RECORDED DATA:
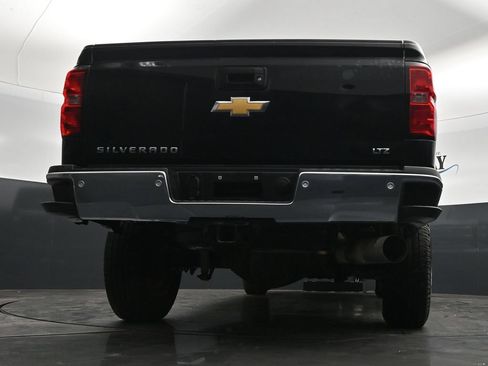 Used 2019 Chevrolet Silverado 2500 LTZ w/ Duramax Plus Package AWD/4WD image 31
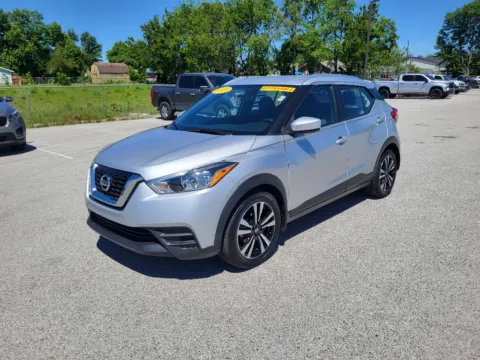 Silver 2019 Nissan Kicks SV for sale in Terre Haute, IN
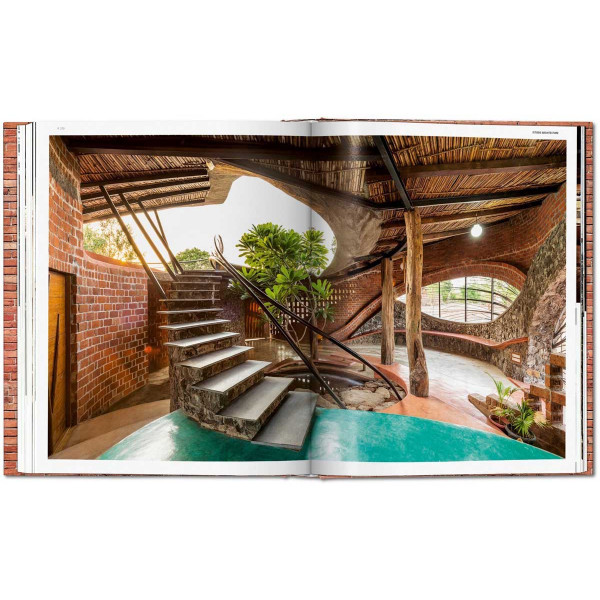 100 CONTEMPORARY BRICK BUILDINGS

PROBLEM STATEMENT: Give the material again exactly as it is, but keep the pictures out.

RESULT OF THIS EXERCISE:
 Used 2019 Chevrolet Silverado 2500 LTZ w/ Duramax Plus Package AWD/4WD image 31
 Silver 2019 Nissan Kicks SV for sale in Terre Haute, IN
 100 CONTEMPORARY BRICK BUILDINGS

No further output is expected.